### WHAT TO DO
Transcribe only the lines in the data below falling between the line with "19351 larissa dr" and the line with "New 2025 Mitsubishi Outlander SE image 22", including those two lines, and leave out any picture.

### ENTRIES SHOWN
::::

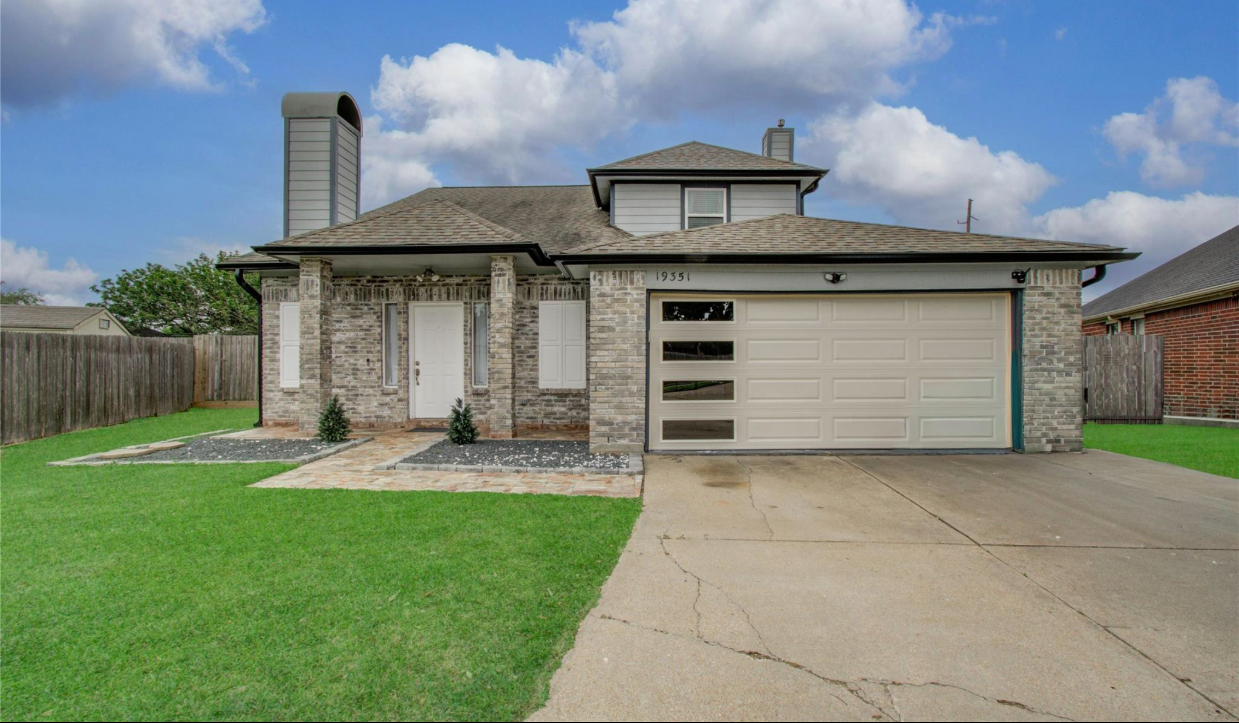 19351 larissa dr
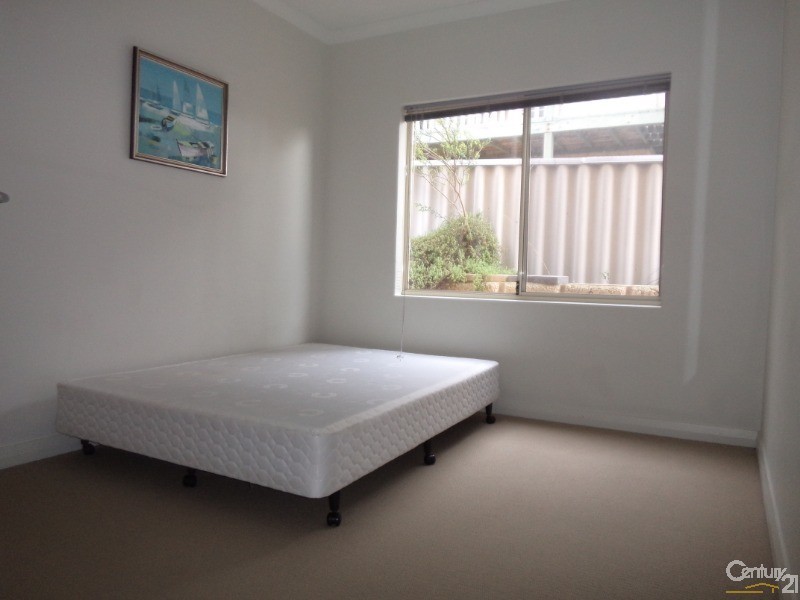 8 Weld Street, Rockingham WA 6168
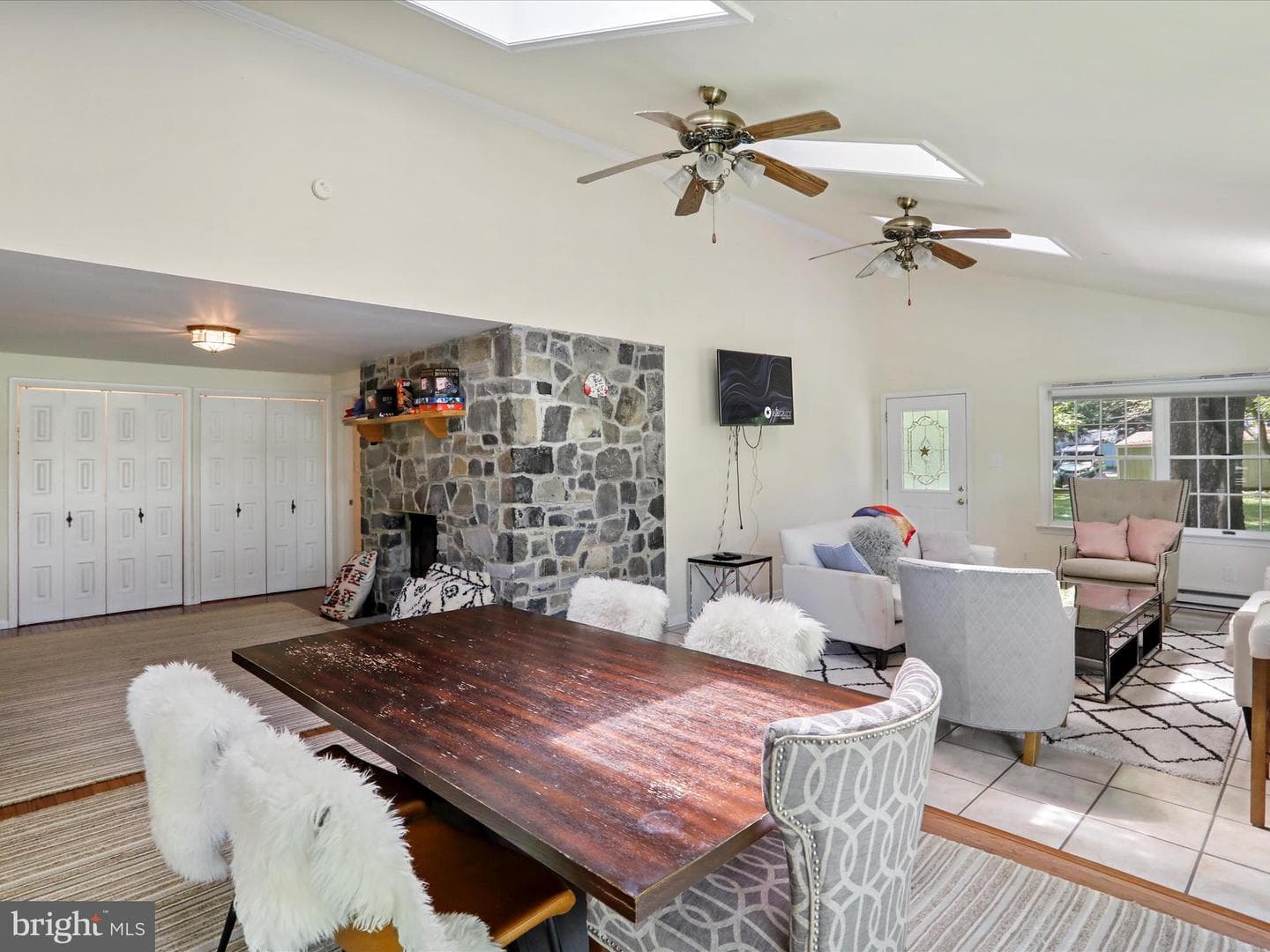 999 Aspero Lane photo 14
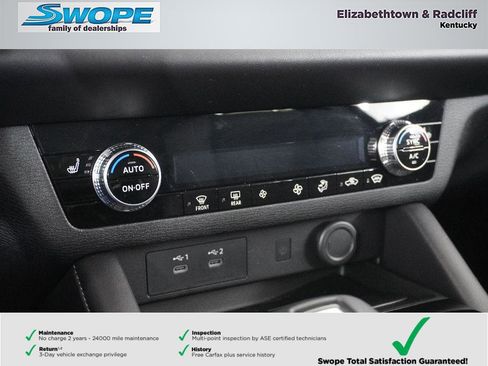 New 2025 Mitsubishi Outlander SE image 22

::::

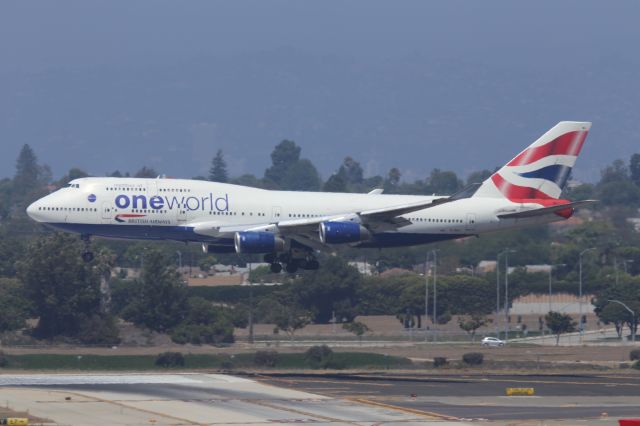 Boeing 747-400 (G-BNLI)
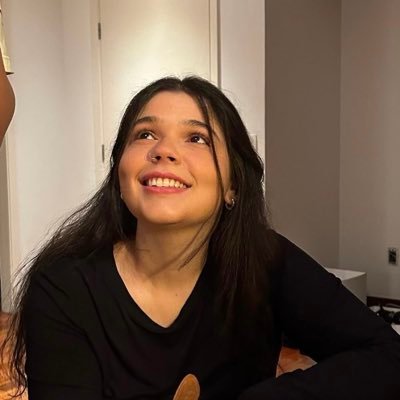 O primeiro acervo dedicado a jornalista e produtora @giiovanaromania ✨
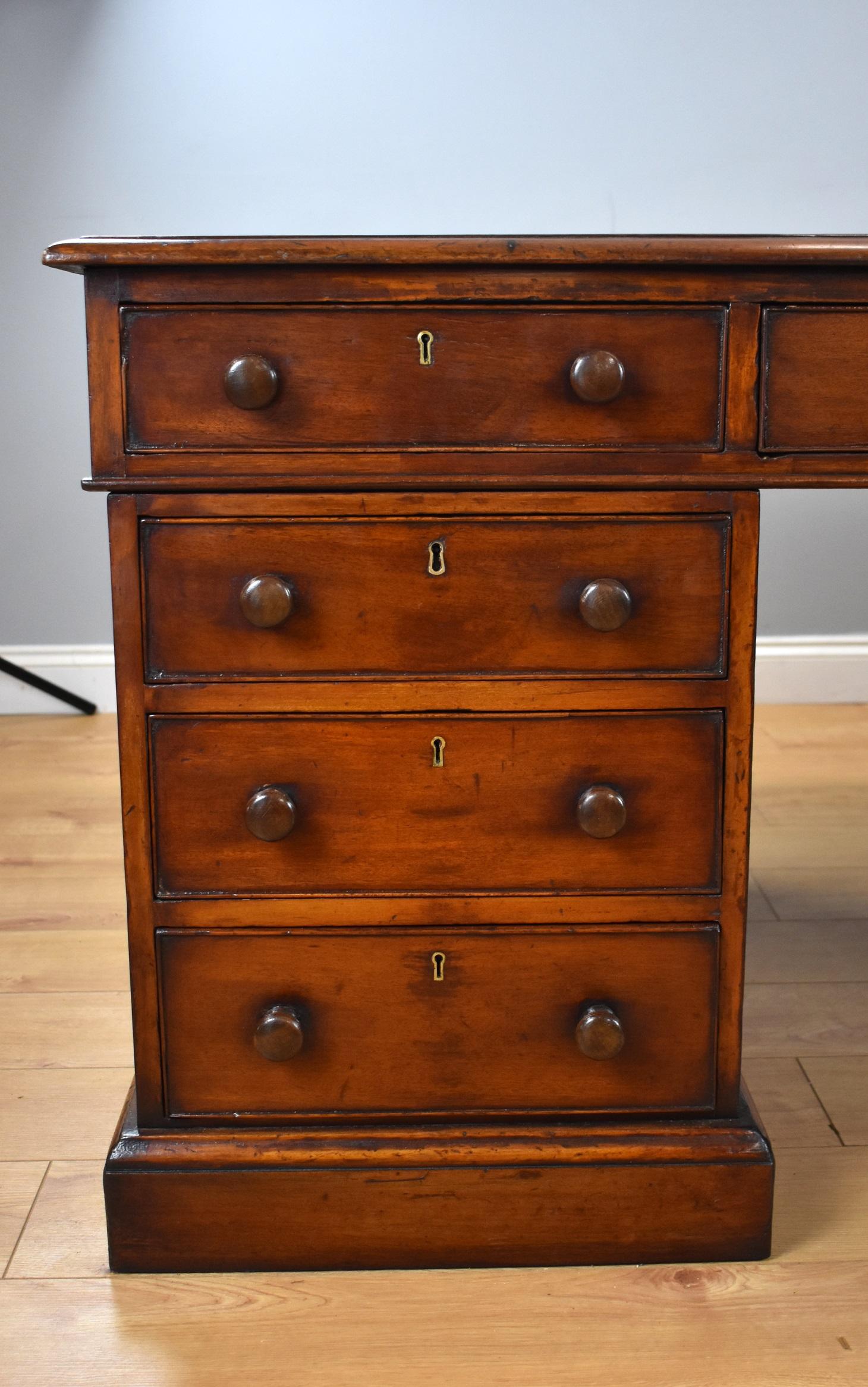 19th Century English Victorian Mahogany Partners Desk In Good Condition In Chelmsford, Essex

::::

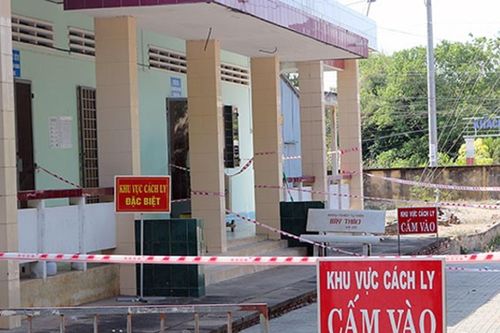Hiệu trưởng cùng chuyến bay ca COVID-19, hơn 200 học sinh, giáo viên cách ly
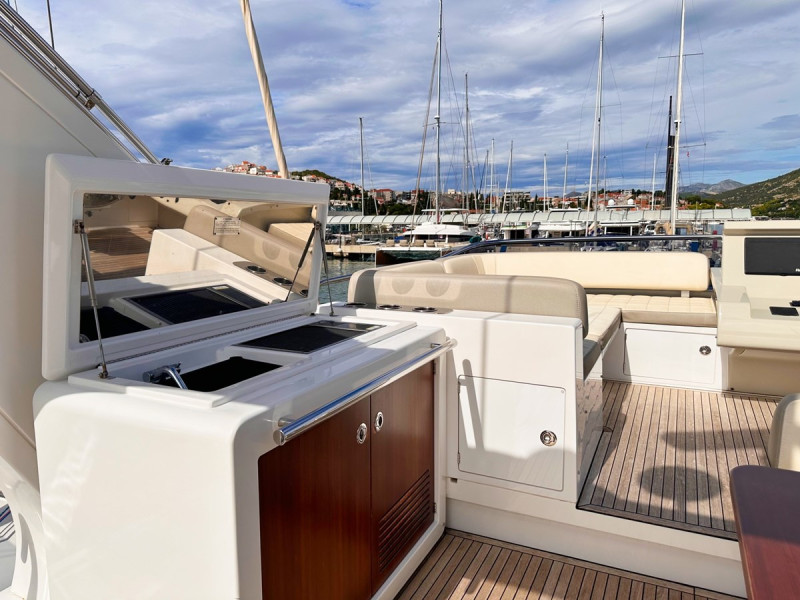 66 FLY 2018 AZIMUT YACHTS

::::

### ANSWER TO THE EXERCISE
 19351 larissa dr
 8 Weld Street, Rockingham WA 6168
 999 Aspero Lane photo 14
 New 2025 Mitsubishi Outlander SE image 22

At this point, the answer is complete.